Under pressure from Eurosceptics inside and outside the Conservative Party, prime minister David Cameron has laid out the key reforms he wants made to the UK’s European Union membership. But, like many things to do with the EU, the reform plan is smoke and mirrors, misdirection from a stage magician to leave his audience confused about what is happening.
First, he is playing the Eurosceptics. At the 2015 General Election, the Conservatives succeeded in containing the challenge the anti-EU UKIP made to its grassroots support. But while this ‘stand’ against the EU is politically expedient, Cameron clearly has no intention of galvanising a popular movement behind parliamentary sovereignty. Indeed, if he really wanted the country to belong to the people, he would campaign to leave the EU, not reform it.
Second, Cameron is also willing to play on the misunderstanding that the EU dictates British policy. Often, laws and policies have their origins in Brussels, and seem to be visited on Britain. But that is not really how the EU works. All of the governments of Europe are seriously out of touch with their electorates. These elites cling to one another in the institutions of the EU in order to forge solidarity against their own peoples. Blaming the EU for the policies that they, the national governments, cannot persuade people to support is a convenient excuse – and it’s also a way to train people to expect expert opinion to determine policy. The EU is not what is robbing people of their right to govern themselves. It has only filled the vacuum left by national governments that have stopped drawing their authority from the popular mandate.
The objective of Cameron’s prestidigitation is clear. He wants to present himself as being on the side of the people, standing up to Europe. He thinks that people will identify, for instance, with his harsh measures against refugees – or migrants – such as cutting their welfare payments, so he demands that the British government has the right to do this. While ordinary people’s distrust of migrants may have bound them to the Conservative Party in the past, it is unclear if the same would happen today. After all, UKIP’s attempts to turn out an anti-migrant vote at the General Election were not so successful.

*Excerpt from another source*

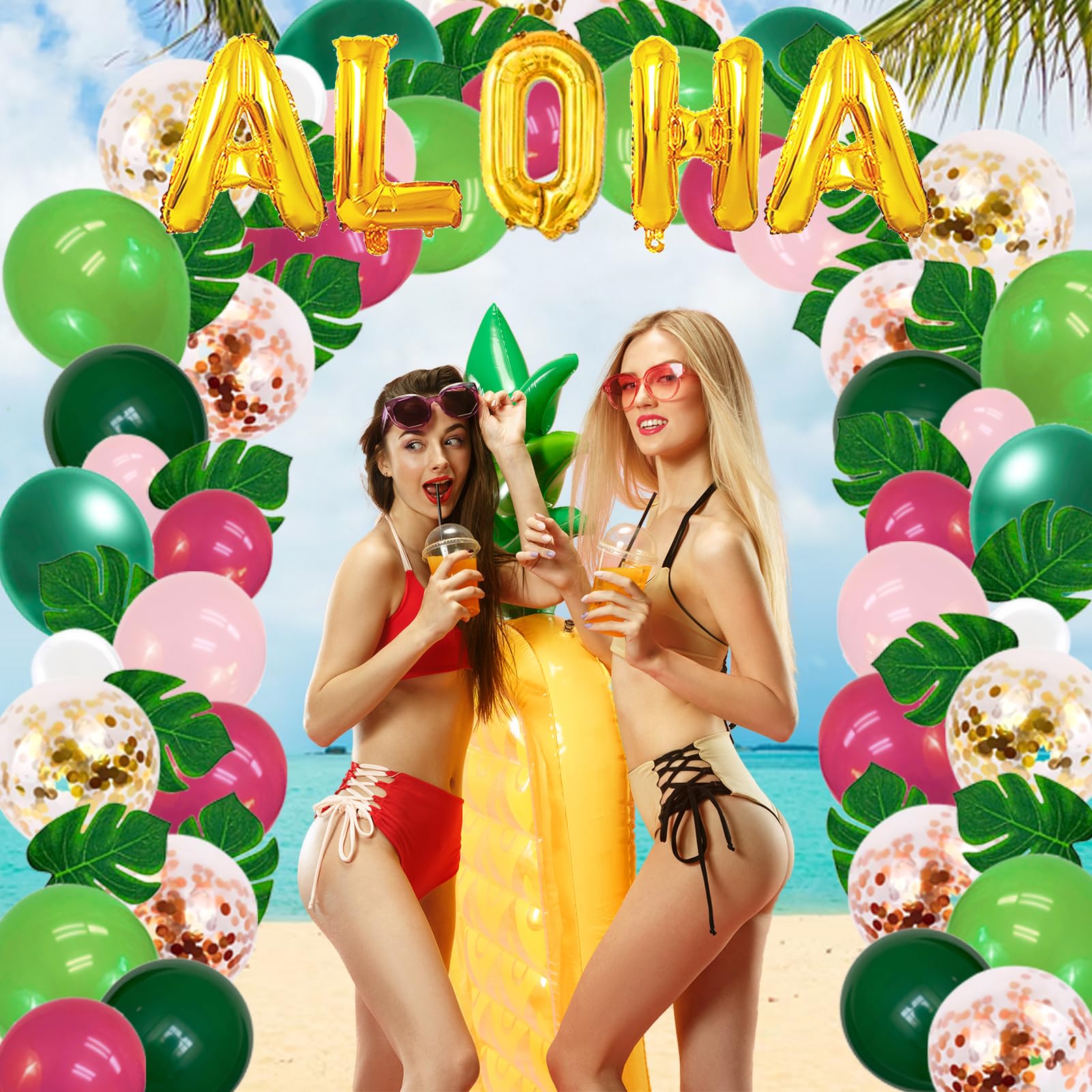 323 Luau Party Decorations, Hawaiian Party Decorations Kit For Adults -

Cameron also hopes that committing Europe to market competitiveness will show that he is standing up for Britain. This is a weird proposal. Market competitiveness has been central to EU policy for the past 30 years. What’s more, it flatly contradicts Cameron’s other main demand, namely that the EU should accept the sovereignty of national governments. In other words, with the EU committed to market competitiveness, no government that wants to steer another course, perhaps making the welfare state a higher priority, would be at liberty to do so. Indeed, this has already happened in Greece and elsewhere. From the moment the then president of the European Commission, Jacques Delors, kicked the European Economic Community back into gear in the 1980s, the commissioners, civil servants and ministers that run it have coalesced around the idea that the market must take priority over national policy.